George Islay MacNeill Robertson, Baron Robertson of Port Ellen,  (born 12 April 1946), is a British politician of the Labour Party who was the 10th Secretary General of NATO from 1999 to 2003; he succeeded Javier Solana. He was Secretary of State for Defence from 1997 to 1999, before becoming a life peer as Baron Robertson of Port Ellen, of Islay in Argyll and Bute, on 24 August 1999.

Early life
Born in Port Ellen, Isle of Islay, Scotland, the son of George Philip Robertson (1916–2002), a policeman, and Marion Isabella Robertson Nee MacNeill (1913–1996). His mother taught French and German. His maternal grandfather Malcolm McNeill was the police sergeant at Bowmore during World War One, and wrote about the kindness of local people in shipwreck tragedies of SS Tuscania and HMS Otranto. Robertson was educated at Dunoon Grammar School and studied economics at Queen's College, Dundee. When he was 15 years of age, he was involved with protests against US nuclear submarines docking in Scotland.

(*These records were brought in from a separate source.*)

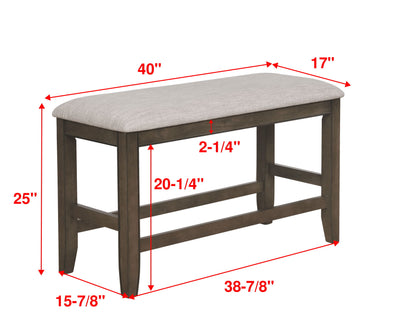 Fulton - Counter Height Bench - Grand Furniture GA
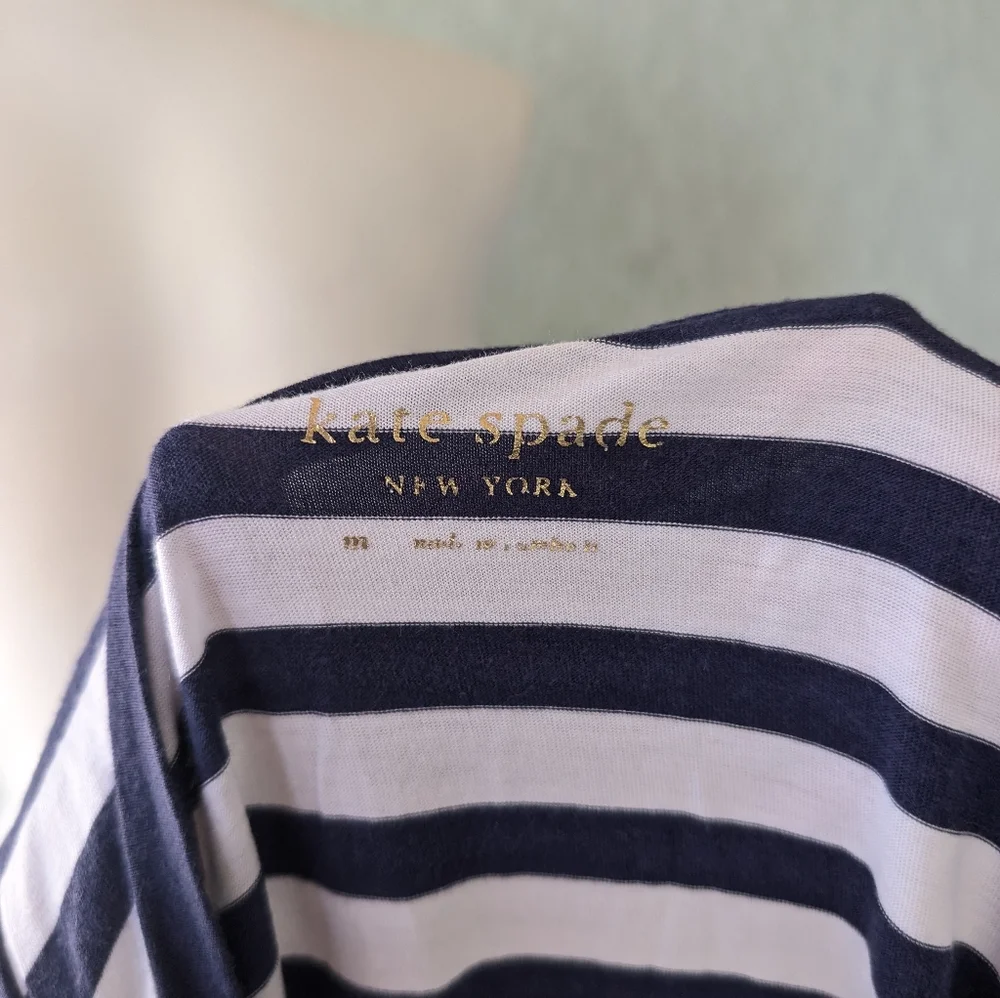 KATE SPADE New York LOOK‎ ON THE BRIGHT SIDE Lemon + Stripe Pajama Gown size m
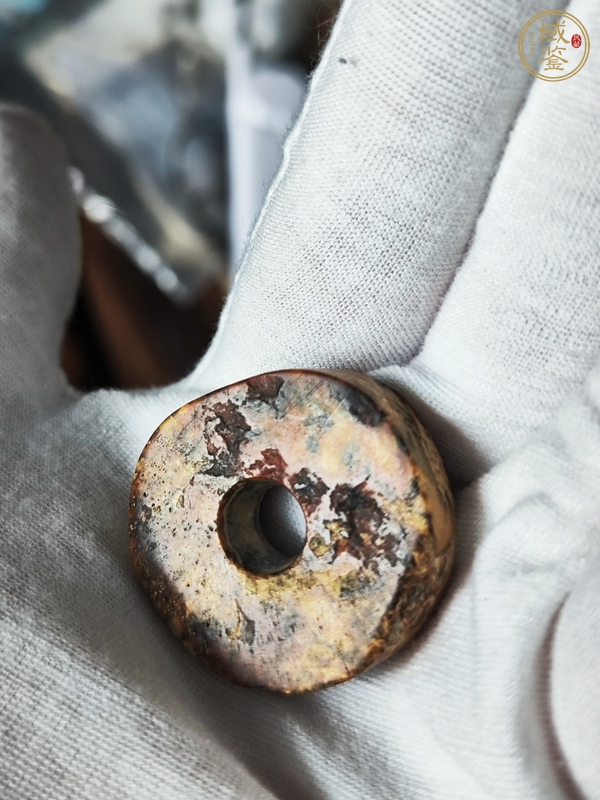 古玩玉器仿古做舊小玉璧真品鑒賞圖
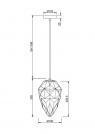 MAYTONI - pendant luminaire GLOBO P052PL-01GR E27, 1X40W (1)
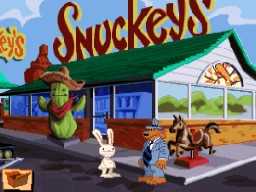 A screenshot of Sam and Max Hit the Road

During Robertson's time at Queen's College it broke away from the University of St Andrews to become the University of Dundee, of which Robertson was one of the first graduates (MA, 1968), and one of a minority of graduates that year who opted to take a Dundee, rather than a St Andrews, degree. During his time at University he played a full part in student life. He wrote a column for the student newspaper Annasach, launched in 1967, and took an active role in student protests. Robertson used his newspaper column to back the new University and encouraged his fellow students to take a University of Dundee degree (students who had started before 1967 could opt to take a degree from either the University of Dundee or the University of St Andrews).

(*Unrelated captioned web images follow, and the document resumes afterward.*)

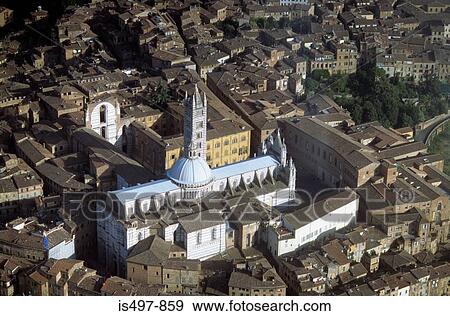 Aerial view of siena View Large Photo Image Stock Photo - Aerial view of siena. Fotosearch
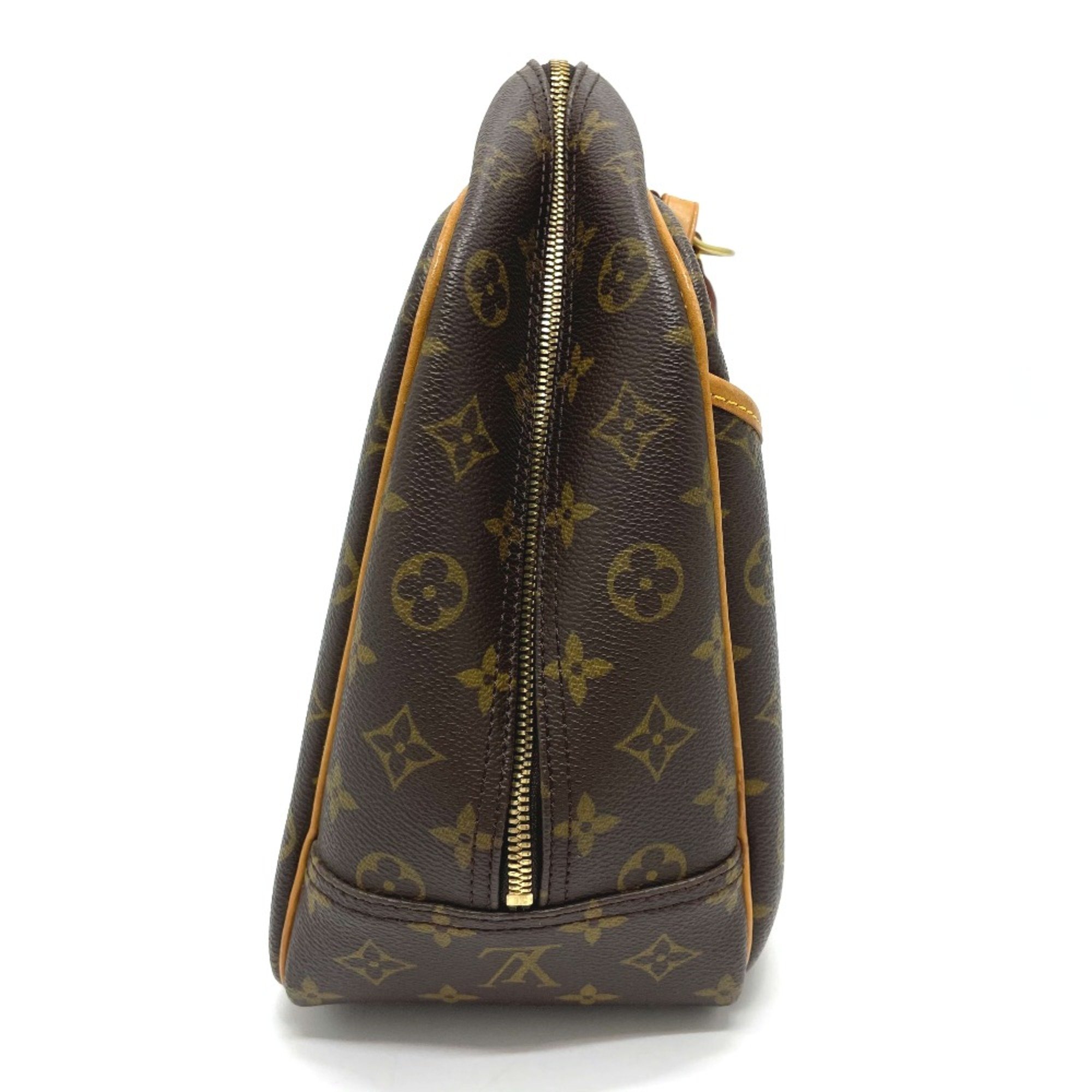 Louis Vuitton M47270 Monogram Hand Bag Duffle Bag Brown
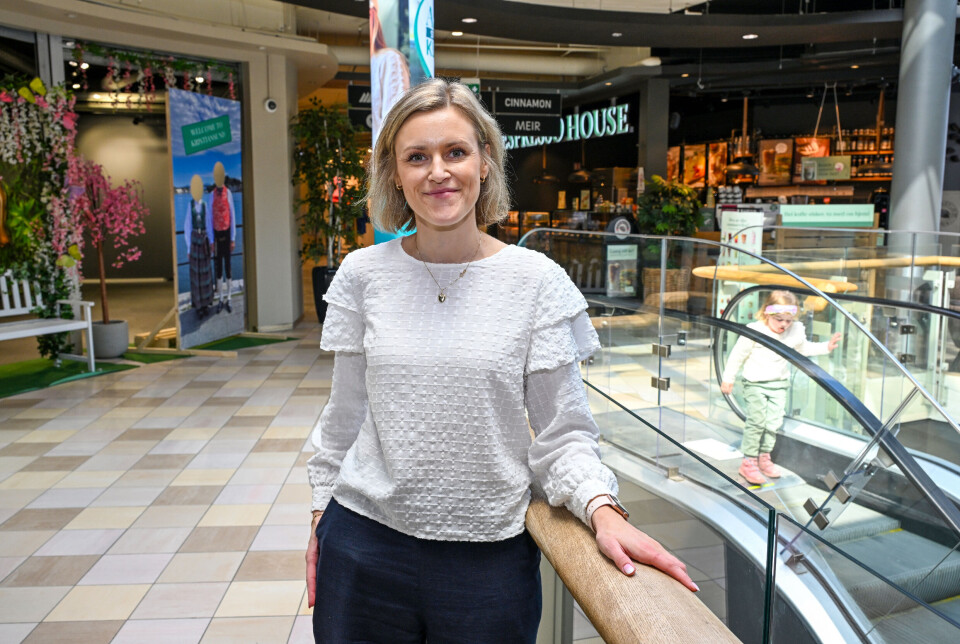 Senterleder Therese Schei Olsen hos Alti Storkaia.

In 1968, Robertson was one of a number of Dundee students to invade the pitch during a rugby match at St Andrews involving a team from the Orange Free State to protest against apartheid. The same year he organised a 24-hour work-in by students in the university library in opposition to proposed cuts by the government in student grants.

Marriage
Robertson married Sandra Wallace on 1 June 1970. They have two sons and a daughter.

Traffic collision

Robertson survived a serious car crash on 19 January 1976 when a Navy Land Rover, which was carrying  of gelignite and a box of detonators, hit his car head-on in the Drumochter Pass, one mile south of Dalwhinnie leaving him with two injured knees and a broken jaw. In May 1976 the driver of the Land Rover was found guilty of careless driving. Robertson was wearing a seat belt at the time and attributed his survival to this.

Political career
Robertson entered the House of Commons as a Labour MP in 1978, having won the Hamilton by-election in May of that year, caused by the death of the incumbent Labour MP Alex Wilson in March of that year. The seat was contested by a SNP candidate, Margo MacDonald, who came second. Robertson retained the constituency with an increased majority and obtained 51% of the overall vote. He was re-elected to Parliament at five subsequent general elections, was Chairman of the Labour Party in Scotland, and was appointed to the Privy Council.

After Labour won the 1997 general election, Robertson was appointed Secretary of State for Defence. He initiated the Strategic Defence Review, which was completed in 1998, presenting a coherent political and strategic narrative themed as 'a force for good'. The review created the Joint Rapid Reaction Force and inaugurated the ambitious project to build two new large aircraft carriers for force projection, the Queen Elizabeth-class, and its new warplanes, symbolising the new government's commitment to defence.  However the new Labour government had come to power promising to follow the previous Conservative government's spending plans for its first two years, and this required a defence budget cut of £2 billion. Though the defence budget was subsequently expanded, it was not sufficient for the increased ambitions of the review. Tom Sawyer in his book on that government characterised the situation as "Robertson had created an unaffordable dream in 1998."

In 1999, Robertson was appointed Secretary General of NATO after the German defence minister Rudolf Scharping declined to the position, and doubts were raised about the suitability of the British politician and former Royal Marine Paddy Ashdown (at that time the outgoing leader of the Liberal Democrats) due to his never having held a position in government.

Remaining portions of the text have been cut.